§ **Required action**
Set down the material in full. Keep every line exactly as it is.

§ **Records for the task**

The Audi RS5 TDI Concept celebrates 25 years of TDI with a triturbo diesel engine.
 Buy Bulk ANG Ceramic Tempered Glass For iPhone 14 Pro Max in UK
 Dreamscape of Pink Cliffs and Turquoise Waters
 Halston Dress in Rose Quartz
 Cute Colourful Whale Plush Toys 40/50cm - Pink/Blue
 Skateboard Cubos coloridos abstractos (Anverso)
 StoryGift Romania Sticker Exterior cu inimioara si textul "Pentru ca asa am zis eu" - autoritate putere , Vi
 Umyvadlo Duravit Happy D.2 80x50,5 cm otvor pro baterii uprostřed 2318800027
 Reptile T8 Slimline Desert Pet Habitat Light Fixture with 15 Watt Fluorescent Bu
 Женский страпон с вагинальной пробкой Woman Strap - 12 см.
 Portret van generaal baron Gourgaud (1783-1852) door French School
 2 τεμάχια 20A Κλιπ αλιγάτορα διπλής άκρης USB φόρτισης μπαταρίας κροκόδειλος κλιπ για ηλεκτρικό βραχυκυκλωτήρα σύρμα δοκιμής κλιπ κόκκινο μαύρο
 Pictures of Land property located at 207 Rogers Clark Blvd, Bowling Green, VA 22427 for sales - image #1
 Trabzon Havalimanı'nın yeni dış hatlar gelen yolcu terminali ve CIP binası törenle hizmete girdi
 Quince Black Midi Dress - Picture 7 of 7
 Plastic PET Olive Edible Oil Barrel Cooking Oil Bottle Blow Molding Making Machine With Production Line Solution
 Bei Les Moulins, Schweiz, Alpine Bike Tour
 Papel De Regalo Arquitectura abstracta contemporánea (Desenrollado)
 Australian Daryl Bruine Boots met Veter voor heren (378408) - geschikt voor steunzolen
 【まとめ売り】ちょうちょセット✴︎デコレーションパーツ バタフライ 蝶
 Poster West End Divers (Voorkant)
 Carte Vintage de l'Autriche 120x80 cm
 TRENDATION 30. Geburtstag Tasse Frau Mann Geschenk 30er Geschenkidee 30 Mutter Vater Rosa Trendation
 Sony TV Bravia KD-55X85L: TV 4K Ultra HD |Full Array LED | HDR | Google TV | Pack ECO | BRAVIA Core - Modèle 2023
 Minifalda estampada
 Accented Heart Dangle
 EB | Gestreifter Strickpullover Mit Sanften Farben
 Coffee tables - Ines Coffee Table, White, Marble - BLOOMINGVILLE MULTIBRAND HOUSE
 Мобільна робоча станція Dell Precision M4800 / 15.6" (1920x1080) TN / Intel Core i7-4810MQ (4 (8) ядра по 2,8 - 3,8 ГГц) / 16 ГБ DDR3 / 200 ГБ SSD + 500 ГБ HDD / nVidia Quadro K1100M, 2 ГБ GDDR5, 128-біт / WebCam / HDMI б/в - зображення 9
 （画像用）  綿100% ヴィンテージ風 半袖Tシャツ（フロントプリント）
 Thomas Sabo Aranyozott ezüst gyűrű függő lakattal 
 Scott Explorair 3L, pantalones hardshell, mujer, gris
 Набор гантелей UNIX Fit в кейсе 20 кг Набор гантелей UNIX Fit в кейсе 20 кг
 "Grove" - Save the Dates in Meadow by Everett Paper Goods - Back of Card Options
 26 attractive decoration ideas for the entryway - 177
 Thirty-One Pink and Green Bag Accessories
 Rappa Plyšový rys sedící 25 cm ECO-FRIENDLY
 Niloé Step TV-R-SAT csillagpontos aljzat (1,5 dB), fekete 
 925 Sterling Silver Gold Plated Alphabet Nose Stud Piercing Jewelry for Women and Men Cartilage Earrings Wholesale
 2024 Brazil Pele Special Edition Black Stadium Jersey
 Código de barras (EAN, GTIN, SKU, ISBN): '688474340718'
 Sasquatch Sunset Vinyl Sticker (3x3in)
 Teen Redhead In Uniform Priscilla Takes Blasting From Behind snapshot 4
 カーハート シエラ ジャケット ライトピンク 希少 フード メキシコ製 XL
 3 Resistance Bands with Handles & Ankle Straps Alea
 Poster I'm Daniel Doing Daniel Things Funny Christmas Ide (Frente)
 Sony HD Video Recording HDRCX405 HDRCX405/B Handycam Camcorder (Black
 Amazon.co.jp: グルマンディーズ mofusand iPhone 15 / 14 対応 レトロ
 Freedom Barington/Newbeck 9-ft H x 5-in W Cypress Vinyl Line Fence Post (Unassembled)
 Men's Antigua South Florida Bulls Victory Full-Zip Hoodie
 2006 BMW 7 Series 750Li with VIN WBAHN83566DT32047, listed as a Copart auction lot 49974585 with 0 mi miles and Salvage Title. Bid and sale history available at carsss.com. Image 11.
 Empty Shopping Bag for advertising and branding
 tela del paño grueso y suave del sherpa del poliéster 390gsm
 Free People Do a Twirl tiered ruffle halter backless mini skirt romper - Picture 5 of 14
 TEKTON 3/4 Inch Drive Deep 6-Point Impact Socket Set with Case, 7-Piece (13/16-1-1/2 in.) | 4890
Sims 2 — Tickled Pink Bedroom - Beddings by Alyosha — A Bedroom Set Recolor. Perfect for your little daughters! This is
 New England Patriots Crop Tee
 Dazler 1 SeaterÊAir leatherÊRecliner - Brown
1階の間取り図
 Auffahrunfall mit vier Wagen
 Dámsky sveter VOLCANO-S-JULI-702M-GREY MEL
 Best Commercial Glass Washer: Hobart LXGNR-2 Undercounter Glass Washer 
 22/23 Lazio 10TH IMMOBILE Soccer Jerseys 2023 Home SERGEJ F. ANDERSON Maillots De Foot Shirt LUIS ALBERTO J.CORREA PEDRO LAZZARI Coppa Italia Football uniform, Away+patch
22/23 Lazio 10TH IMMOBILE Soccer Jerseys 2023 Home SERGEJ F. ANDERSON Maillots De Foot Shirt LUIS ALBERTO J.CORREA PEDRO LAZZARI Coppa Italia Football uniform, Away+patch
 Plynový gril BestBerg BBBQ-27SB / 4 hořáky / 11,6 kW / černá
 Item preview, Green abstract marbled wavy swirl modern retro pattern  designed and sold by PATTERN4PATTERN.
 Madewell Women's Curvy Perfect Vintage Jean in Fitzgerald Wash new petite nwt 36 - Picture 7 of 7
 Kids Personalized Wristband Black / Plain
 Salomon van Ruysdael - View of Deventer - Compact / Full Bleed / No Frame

§ **Output**
The Audi RS5 TDI Concept celebrates 25 years of TDI with a triturbo diesel engine.
 Buy Bulk ANG Ceramic Tempered Glass For iPhone 14 Pro Max in UK
 Dreamscape of Pink Cliffs and Turquoise Waters
 Halston Dress in Rose Quartz
 Cute Colourful Whale Plush Toys 40/50cm - Pink/Blue
 Skateboard Cubos coloridos abstractos (Anverso)
 StoryGift Romania Sticker Exterior cu inimioara si textul "Pentru ca asa am zis eu" - autoritate putere , Vi
 Umyvadlo Duravit Happy D.2 80x50,5 cm otvor pro baterii uprostřed 2318800027
 Reptile T8 Slimline Desert Pet Habitat Light Fixture with 15 Watt Fluorescent Bu
 Женский страпон с вагинальной пробкой Woman Strap - 12 см.
 Portret van generaal baron Gourgaud (1783-1852) door French School
 2 τεμάχια 20A Κλιπ αλιγάτορα διπλής άκρης USB φόρτισης μπαταρίας κροκόδειλος κλιπ για ηλεκτρικό βραχυκυκλωτήρα σύρμα δοκιμής κλιπ κόκκινο μαύρο
 Pictures of Land property located at 207 Rogers Clark Blvd, Bowling Green, VA 22427 for sales - image #1
 Trabzon Havalimanı'nın yeni dış hatlar gelen yolcu terminali ve CIP binası törenle hizmete girdi
 Quince Black Midi Dress - Picture 7 of 7
 Plastic PET Olive Edible Oil Barrel Cooking Oil Bottle Blow Molding Making Machine With Production Line Solution
 Bei Les Moulins, Schweiz, Alpine Bike Tour
 Papel De Regalo Arquitectura abstracta contemporánea (Desenrollado)
 Australian Daryl Bruine Boots met Veter voor heren (378408) - geschikt voor steunzolen
 【まとめ売り】ちょうちょセット✴︎デコレーションパーツ バタフライ 蝶
 Poster West End Divers (Voorkant)
 Carte Vintage de l'Autriche 120x80 cm
 TRENDATION 30. Geburtstag Tasse Frau Mann Geschenk 30er Geschenkidee 30 Mutter Vater Rosa Trendation
 Sony TV Bravia KD-55X85L: TV 4K Ultra HD |Full Array LED | HDR | Google TV | Pack ECO | BRAVIA Core - Modèle 2023
 Minifalda estampada
 Accented Heart Dangle
 EB | Gestreifter Strickpullover Mit Sanften Farben
 Coffee tables - Ines Coffee Table, White, Marble - BLOOMINGVILLE MULTIBRAND HOUSE
 Мобільна робоча станція Dell Precision M4800 / 15.6" (1920x1080) TN / Intel Core i7-4810MQ (4 (8) ядра по 2,8 - 3,8 ГГц) / 16 ГБ DDR3 / 200 ГБ SSD + 500 ГБ HDD / nVidia Quadro K1100M, 2 ГБ GDDR5, 128-біт / WebCam / HDMI б/в - зображення 9
 （画像用）  綿100% ヴィンテージ風 半袖Tシャツ（フロントプリント）
 Thomas Sabo Aranyozott ezüst gyűrű függő lakattal 
 Scott Explorair 3L, pantalones hardshell, mujer, gris
 Набор гантелей UNIX Fit в кейсе 20 кг Набор гантелей UNIX Fit в кейсе 20 кг
 "Grove" - Save the Dates in Meadow by Everett Paper Goods - Back of Card Options
 26 attractive decoration ideas for the entryway - 177
 Thirty-One Pink and Green Bag Accessories
 Rappa Plyšový rys sedící 25 cm ECO-FRIENDLY
 Niloé Step TV-R-SAT csillagpontos aljzat (1,5 dB), fekete 
 925 Sterling Silver Gold Plated Alphabet Nose Stud Piercing Jewelry for Women and Men Cartilage Earrings Wholesale
 2024 Brazil Pele Special Edition Black Stadium Jersey
 Código de barras (EAN, GTIN, SKU, ISBN): '688474340718'
 Sasquatch Sunset Vinyl Sticker (3x3in)
 Teen Redhead In Uniform Priscilla Takes Blasting From Behind snapshot 4
 カーハート シエラ ジャケット ライトピンク 希少 フード メキシコ製 XL
 3 Resistance Bands with Handles & Ankle Straps Alea
 Poster I'm Daniel Doing Daniel Things Funny Christmas Ide (Frente)
 Sony HD Video Recording HDRCX405 HDRCX405/B Handycam Camcorder (Black
 Amazon.co.jp: グルマンディーズ mofusand iPhone 15 / 14 対応 レトロ
 Freedom Barington/Newbeck 9-ft H x 5-in W Cypress Vinyl Line Fence Post (Unassembled)
 Men's Antigua South Florida Bulls Victory Full-Zip Hoodie
 2006 BMW 7 Series 750Li with VIN WBAHN83566DT32047, listed as a Copart auction lot 49974585 with 0 mi miles and Salvage Title. Bid and sale history available at carsss.com. Image 11.
 Empty Shopping Bag for advertising and branding
 tela del paño grueso y suave del sherpa del poliéster 390gsm
 Free People Do a Twirl tiered ruffle halter backless mini skirt romper - Picture 5 of 14
 TEKTON 3/4 Inch Drive Deep 6-Point Impact Socket Set with Case, 7-Piece (13/16-1-1/2 in.) | 4890
Sims 2 — Tickled Pink Bedroom - Beddings by Alyosha — A Bedroom Set Recolor. Perfect for your little daughters! This is
 New England Patriots Crop Tee
 Dazler 1 SeaterÊAir leatherÊRecliner - Brown
1階の間取り図
 Auffahrunfall mit vier Wagen
 Dámsky sveter VOLCANO-S-JULI-702M-GREY MEL
 Best Commercial Glass Washer: Hobart LXGNR-2 Undercounter Glass Washer 
 22/23 Lazio 10TH IMMOBILE Soccer Jerseys 2023 Home SERGEJ F. ANDERSON Maillots De Foot Shirt LUIS ALBERTO J.CORREA PEDRO LAZZARI Coppa Italia Football uniform, Away+patch
22/23 Lazio 10TH IMMOBILE Soccer Jerseys 2023 Home SERGEJ F. ANDERSON Maillots De Foot Shirt LUIS ALBERTO J.CORREA PEDRO LAZZARI Coppa Italia Football uniform, Away+patch
 Plynový gril BestBerg BBBQ-27SB / 4 hořáky / 11,6 kW / černá
 Item preview, Green abstract marbled wavy swirl modern retro pattern  designed and sold by PATTERN4PATTERN.
 Madewell Women's Curvy Perfect Vintage Jean in Fitzgerald Wash new petite nwt 36 - Picture 7 of 7
 Kids Personalized Wristband Black / Plain
 Salomon van Ruysdael - View of Deventer - Compact / Full Bleed / No Frame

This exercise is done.